She doesn’t, despite her enormous output, write every day. “You always think, ‘Oh, if only I had a little chalet in the mountains! How great that would be and I’d do all this writing…’ Except, no, I wouldn’t. I’d do the same amount of writing I do now and the rest of the time I’d go stir crazy. If you’re waiting for the perfect moment you’ll never write a thing because it will never arrive. I have no routine. I have no foolproof anything. There’s nothing foolproof.”
“You’re never going to kill storytelling, because it’s built into the human plan. We come with it.”
“There’s no way of knowing in advance what will get into your work. One collects all the shiny objects that catch the fancy — a great array of them. Some of them you think are utterly useless. I have a large collection of curios of that kind, and every once in a while I need one of them. They’re in my head, but who knows where! It’s such a jumble in there. It’s hard to find anything.”

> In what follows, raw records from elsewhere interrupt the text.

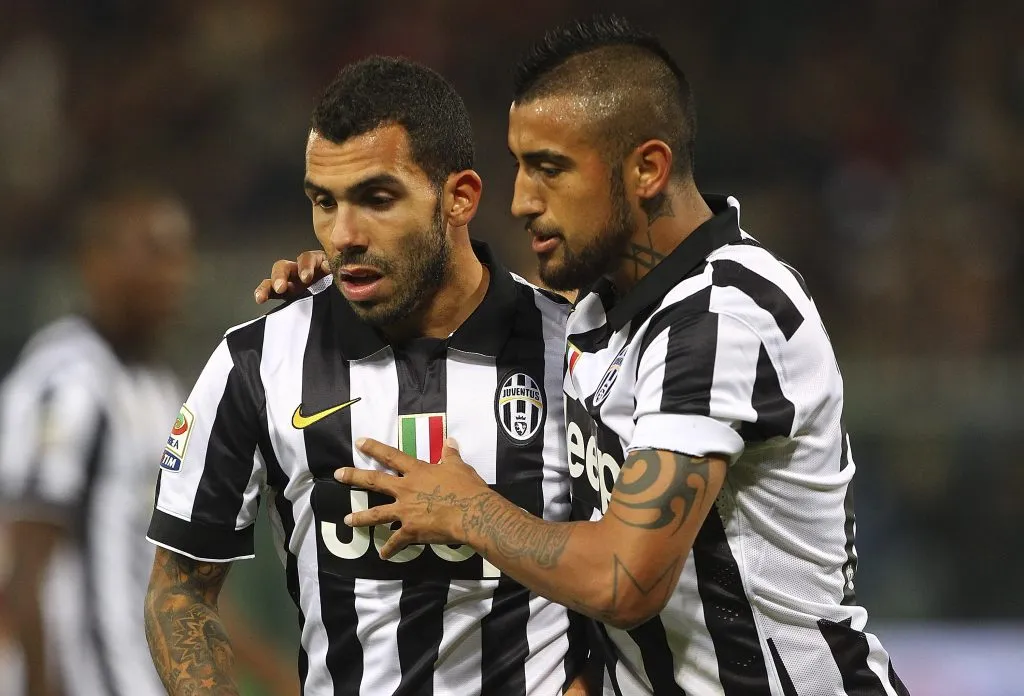 Carlos Tevez y Arturo Vidal disputaron juntos dos temporadas en Juventus.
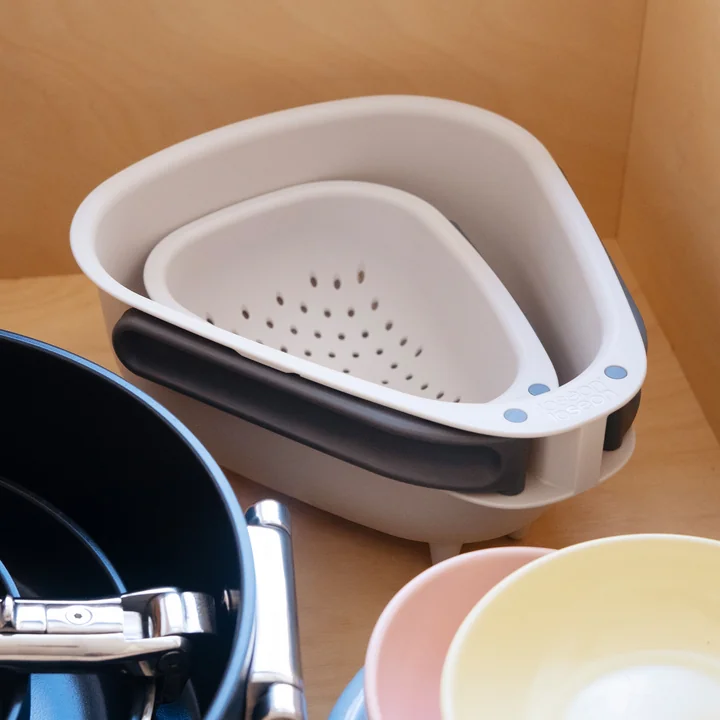 Joseph Joseph - Droplet Küchensieb mit faltbaren Griffen, stone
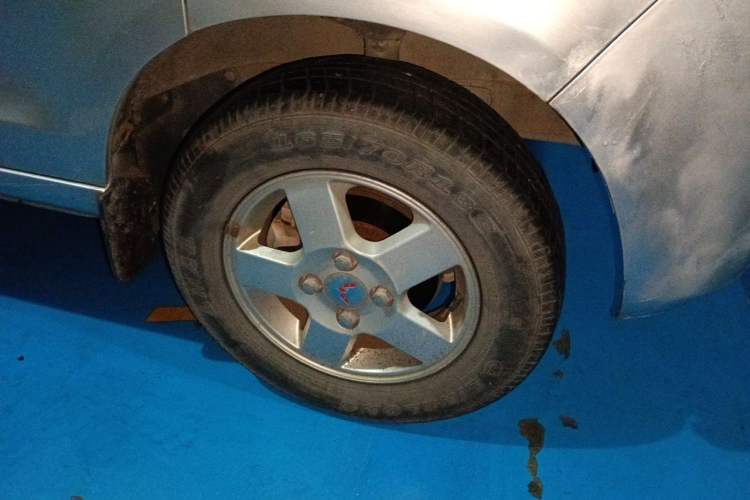 Used Wuling Zhiguang 2015 1.2L S Standard Model LSI Right Front Wheel Hub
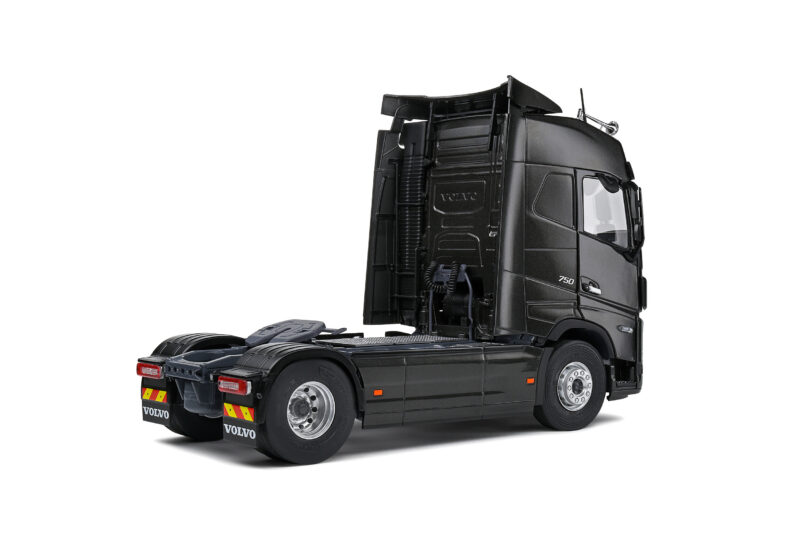 1:24 Scale Volvo FH16 Globetrotter XL Truck - Black Metallic - Image 2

“If invited to read at a festival, try not to get drunk, hit people, throw up onstage, smite the sound technician, etc. Such incidents make colourful gossip, and it’s a small world… It’s tough out there in Bookworld. Tread carefully. Don’t speak so softly that you can’t be heard, nor so loudly that you’re deafening. Carry a medium-sized shtick. And avoid wearing mini-skirts up on stage unless you have very good legs. Zip your lower front apertures. What happens in Vegas no longer stays in Vegas. People have cameras.”